*Material provided*.

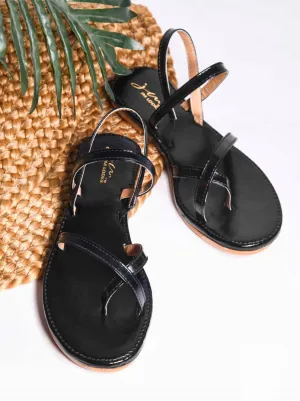 Sleek Strappy Flat Sandals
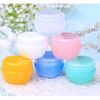 Alledomain 40pcs 5g/5ml Empty Cosmetic Sample Jars with 3Pcs Mini Spatulas & 42 Labels, Plastic Refillable Cream Lotion Storage Container Travel Pots with Lids & Inner Liners for Makeup Beauty Nails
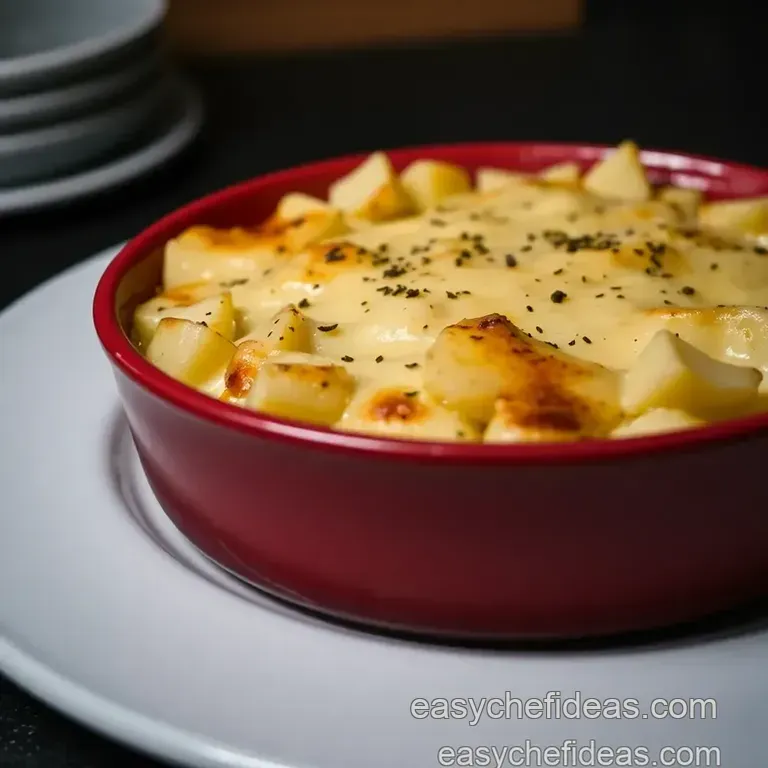 Classic Potatoes Au Gratin: a Creamy Cheesy Delight presentation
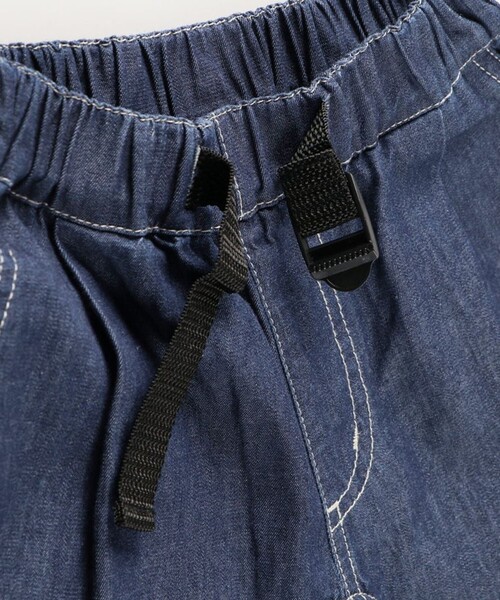 BRANSHES（ブランシェス）の「【WEB限定】リラックスガーデナーデニムハーフパンツ（デニムパンツ・キッズ・ネイビー/ブルー・110/130/100/140/150/120）」の15枚目の写真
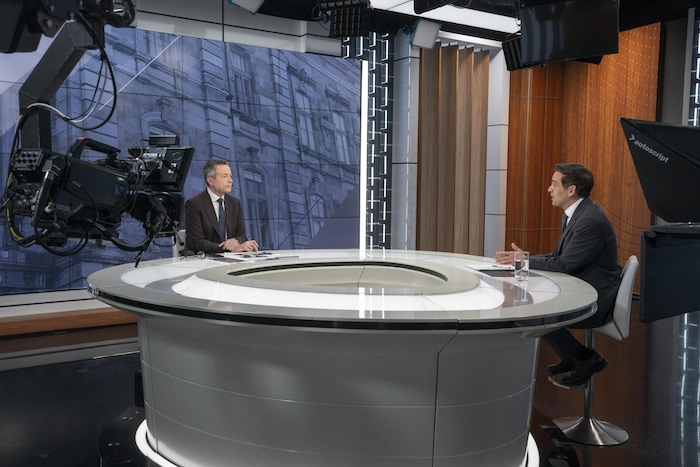 Charles Milliard en entrevue avec Sébastien Bovet.
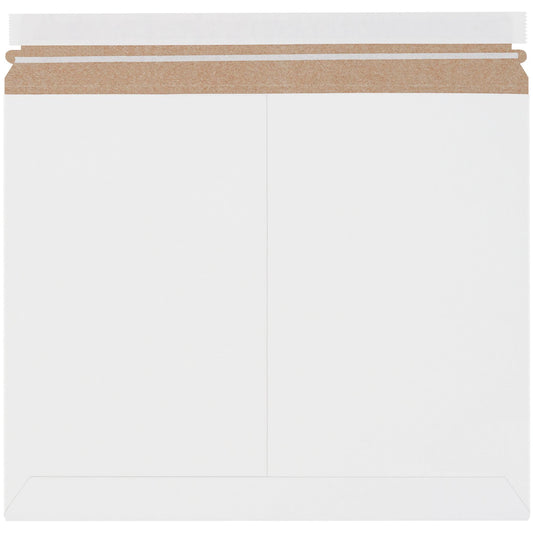 14 7/8 x 11 7/8" White Stayflats Lite® Mailers - RMU1411W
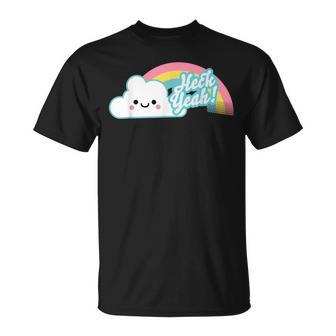 Heck Yeah Cute Kawaii Rainbow T-Shirt - Monsterry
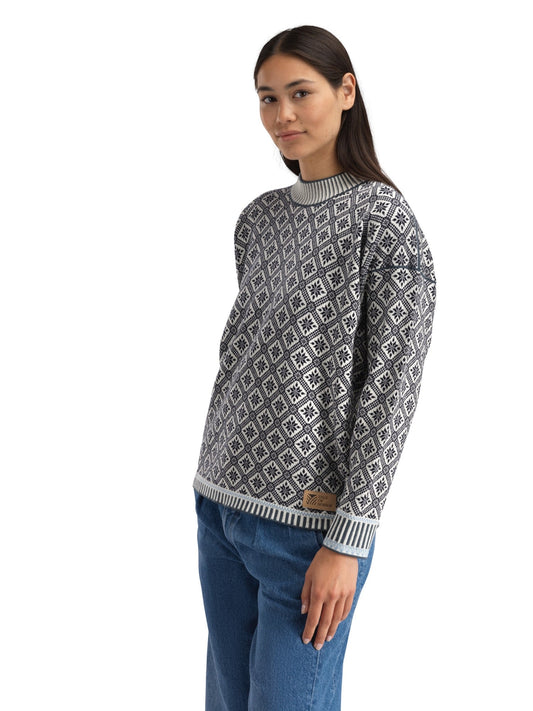 Dale of Norway Women Langøy Fem Sweater Marine Offwhite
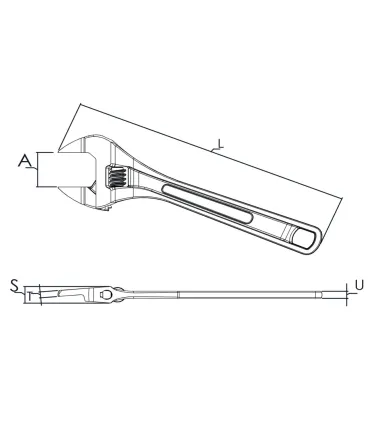 LLAVE AJUSTABLE SINEX LIGERA 12" 300mm 92LWD Cap. 46mm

*The problem*.
The whole listing above must be returned exactly as written, with no pictures carried over.

*Written answer*.
 Sleek Strappy Flat Sandals
 Alledomain 40pcs 5g/5ml Empty Cosmetic Sample Jars with 3Pcs Mini Spatulas & 42 Labels, Plastic Refillable Cream Lotion Storage Container Travel Pots with Lids & Inner Liners for Makeup Beauty Nails
 Classic Potatoes Au Gratin: a Creamy Cheesy Delight presentation
 BRANSHES（ブランシェス）の「【WEB限定】リラックスガーデナーデニムハーフパンツ（デニムパンツ・キッズ・ネイビー/ブルー・110/130/100/140/150/120）」の15枚目の写真
 Charles Milliard en entrevue avec Sébastien Bovet.
 14 7/8 x 11 7/8" White Stayflats Lite® Mailers - RMU1411W
 Heck Yeah Cute Kawaii Rainbow T-Shirt - Monsterry
 Dale of Norway Women Langøy Fem Sweater Marine Offwhite
 LLAVE AJUSTABLE SINEX LIGERA 12" 300mm 92LWD Cap. 46mm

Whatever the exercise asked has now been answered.